Рансьер неожиданно связывает темы современной французской теории, от Кристевой до Бадью, с темами ее предшественников из Коллежа философии. Прежде всего, вспоминается Батай с его «проклятой долей» или участью. В книге Рансьер еще только разрабатывал свое учение о «разделяемом чувственном» как принципе новейшей политики. Гораздо больше он говорит о доле, о том, что политика Нового времени представляет собой столкновение обездоленных и имеющих долю. Античная политика строилась на «геометрическом равенстве», а не арифметическом: обездоленный был так же не значим для нее, как для геометрического построения не важен материал, на котором начерчены определенные фигуры. Это была политика аргументации, а не политика консенсуса. Аргумент превращает каждую долю из участи во вклад в общее дело, ставку, тогда как в Новое время все эти ставки оказываются учтены – всем известно, кто на кого «сделал ставку», и это может быть использовано для политических интриг.

Консенсус в понимании Рансьера – это как раз основная политическая интрига новейшей политики. Вроде бы, консенсус требует примирения интересов различных групп, каждая из которых, оставаясь в границах своего жизненного мира, при этом созидает общие ценности политики. Но для Рансьера сомнительны сами границы жизненного мира, сомнительна сама мысль, что можно отнестись к своим интересам как к чистой условности и при этом сохранить неприкосновенным сад своей души.
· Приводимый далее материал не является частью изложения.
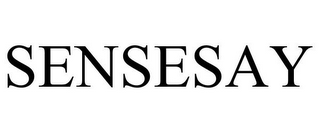SENSESAY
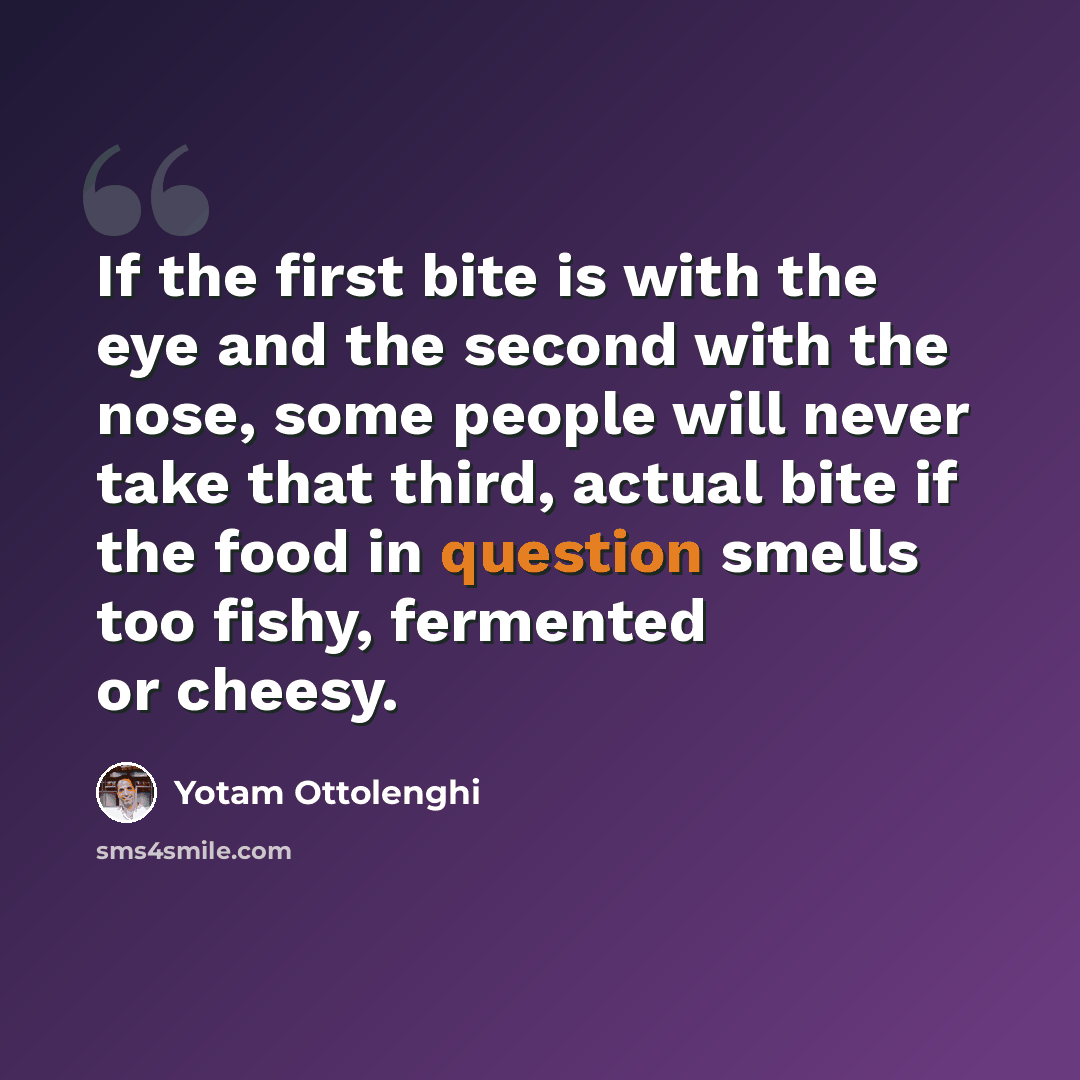 “If the first bite is with the eye and the second with the nose, some people will never take that third, actual bite if the food in question smells too fishy, fermented or cheesy.” quote by Yotam Ottolenghi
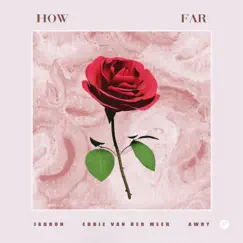 How Far - Single by Jabron, Awry & Eddie van der Meer album reviews, ratings, credits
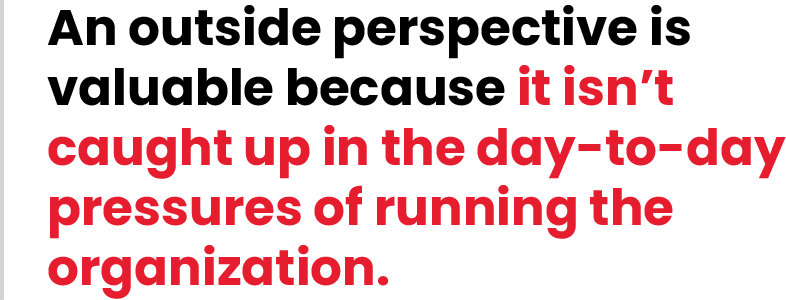 An outside perspective is valuable because it isn't caught up in the day-to-day pressures of running the organization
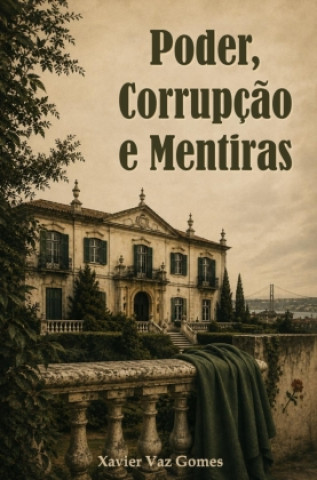 Poder, Corrupção e Mentiras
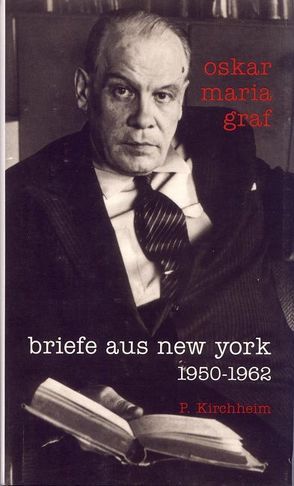 Briefe aus New York 1950-1962 von Graf,  Oskar M, Ignasiak,  Detlef, Kaufmann,  Ulrich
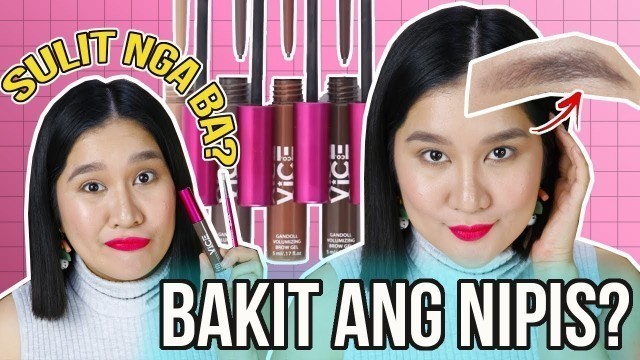 'VICE COSMETICS GONDOLL MICRO BROWS  ( Ang NIPIS Tapos MAHAL? ) | Kris Lumagui'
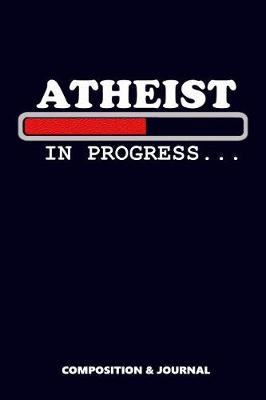 Book cover for Atheist in Progress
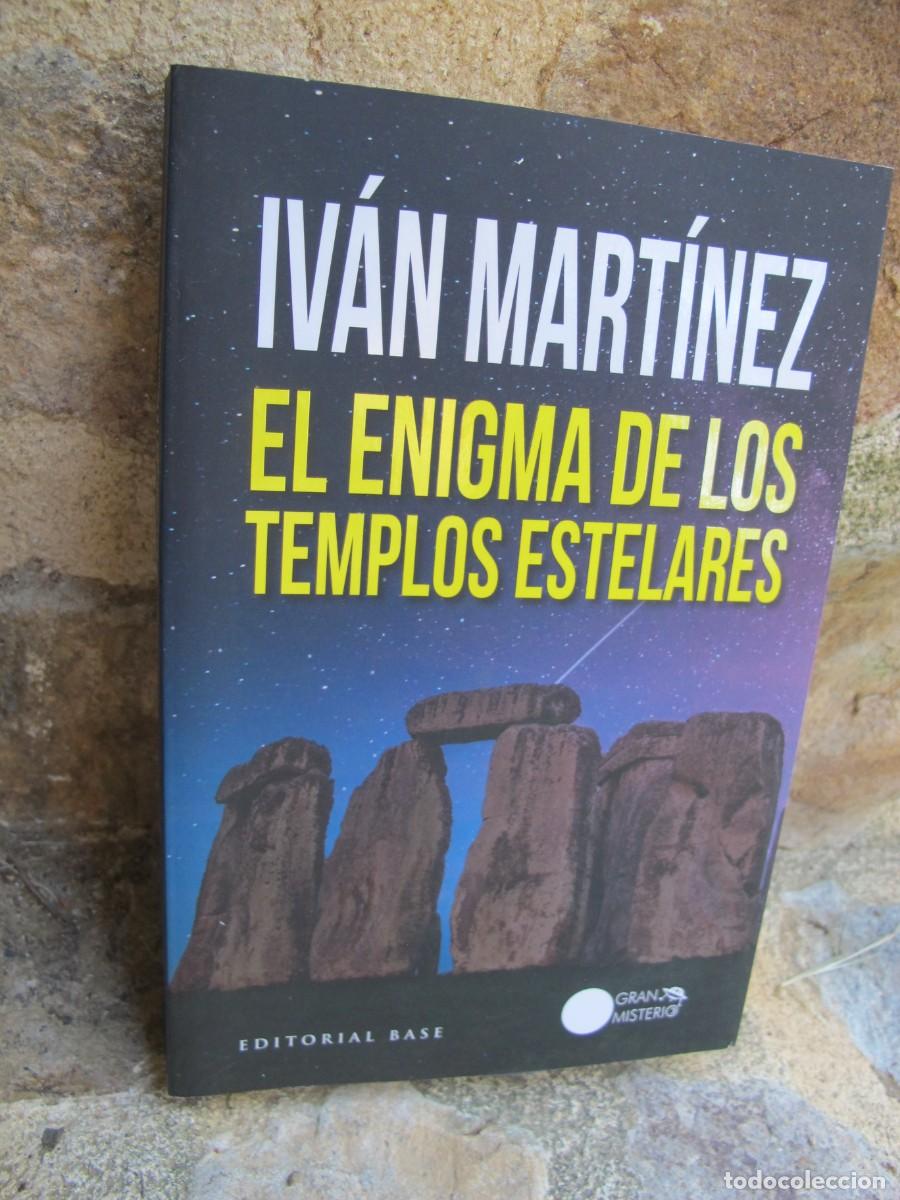 Libros: EL ENIGMA DE LOS TEMPLOS ESTELARES. IVAN MARTINEZ - Foto 1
В 1995 г. Рансьер мучительно искал выход из противоречия между «геометрией» античной демократии и «арифметикой» европейской демократии. Как ни странно, до Рансьера такой выход нашел великий греческий писатель Александрос Пападьямандис. К сожалению, беды современных греков вызывают часто кривую усмешку у других европейцев, и они не видят за этими бедами той греческой демократии, которая и является большим ответом на вопрос Рансьера.

В программном рассказе Пападьямандиса «Светлого праздника псаломщик» противопоставлены два героя, за которыми стоят две модели демократии. Один из них, священник, представляет геометрическую демократию, в которой воздаянием за содеянное будет слово или молчание. Эта демократия состоит в том, что геометрия слов и умолчаний действует лучше, чем любые обозначившиеся в душе слушателей интересы и стремления: достаточно промолчать, велеть промолчать, сказать или велеть сказать своим домочадцам и спутникам, как демократия устанавливается. Все находят лучшее решение: как дойти до цели, как решить всевозможные трудности на пути к цели. При этом если священник допускает икономию (экономное снисхождение) только речевую, например, мирится с плохим пением певчих, то другой герой, правовед, местный управленец, вынужден мириться с тем, что осел упрямится и плохо его везет, оказывается заложником икономии практической. Ему и приходится искать демократический консенсус; иначе говоря, делать хорошую мину при плохой игре.

Пападьямандис обращает внимание на то, как по-разному видят мир священник и правовед. Священник любуется пурпуром закатных облаков, а правовед – гиацинтом оконного стекла. Священник прислушивается к горячему жару свечи, а правовед – к музыке лунного света. Как представитель арифметической демократии, он не может просчитать расстояние пути, но может лишь по отсветам догадываться, насколько далеко отстоит тот дом, куда он должен прибыть. По сути дело, это и есть судьба арифметической демократии: она никогда не может предсказать, сколько будет длиться переходный период. В этом ее отличие от античной демократии, которая заранее знала, что как только установится общее благо, в виде выборов, статуй, Олимпийских игр, периклова Парфенона и других «речей», так и будет преодолено любое расстояние до демократии. Но оказывается, что как только новейшая демократия обретает свою речь, может назвать свет светом, а отражение – отражением, она оказывается у своей цели.